Bacheliers et étudiants pourront bientôt prendre une année de césure, quel que soit leur niveau d’étude, afin de « favoriser un projet personnel ou professionnel ».

En plein débat sur le projet de loi du Plan étudiants, les députés ont adopté, jeudi 14 décembre, l’article 5 concernant l’année de césure. « Tout étudiant peut, sur sa demande et avec l’accord du président ou directeur de l’établissement dans lequel il est inscrit, suspendre temporairement, pour une durée maximale d’une année universitaire, sa présence dans l’établissement pour exercer d’autres activités. » 

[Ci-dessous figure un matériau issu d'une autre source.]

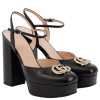 Double G embellished leather platform pumps Double G embellished leather platform pumps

Pas question pour autant d’en profiter pour ne rien faire : « L’étudiant pourra interrompre sa formation pour mener une action de bénévolat, effectuer un service civique, conduire un projet associatif ou d’entreprenariat étudiant, ou encore occuper un emploi », détaille Jean-Luc Fugit, député LREM. Chose inédite, l’année de césure pourra s’effectuer à n’importe quel moment de la scolarité, y compris après l’obtention du baccalauréat. 

1/ Les bacheliers

  • Pour quoi ?

L’année de césure est ouverte à tous les bacheliers : « Certains étudiants souhaitent acquérir plus de maturité ou de compétences, par exemple dans une langue étrangère, avant de commencer leur cursus. D’autres étudiants peuvent avoir besoin de temps pour peaufiner leur projet d’orientation, y réfléchir », constate la députée LREM, Béatrice Piron.

  • Comment faire ?

Mais pas d’année de césure sans établissement scolaire. Les bacheliers qui souhaitent bénéficier d’une année de césure devront d’abord suivre le parcours classique d’inscription à l’université. Même s’ils ne savent pas vers quelle filière s’orienter, ils devront, à partir du 15 janvier s’inscrire sur la plate-forme ParcourSup afin d’établir leur liste de vœux. 

  • Qu’est-ce que la convention ?

En juin, le lycéen recevra son affectation à l’université. Il devra immédiatement contacter son établissement pour valider une convention « afin de ne pas avoir à retarder son projet et, surtout, de libérer une place pour permettre à un autre candidat de suivre des études dans la même voie », détaille la députée.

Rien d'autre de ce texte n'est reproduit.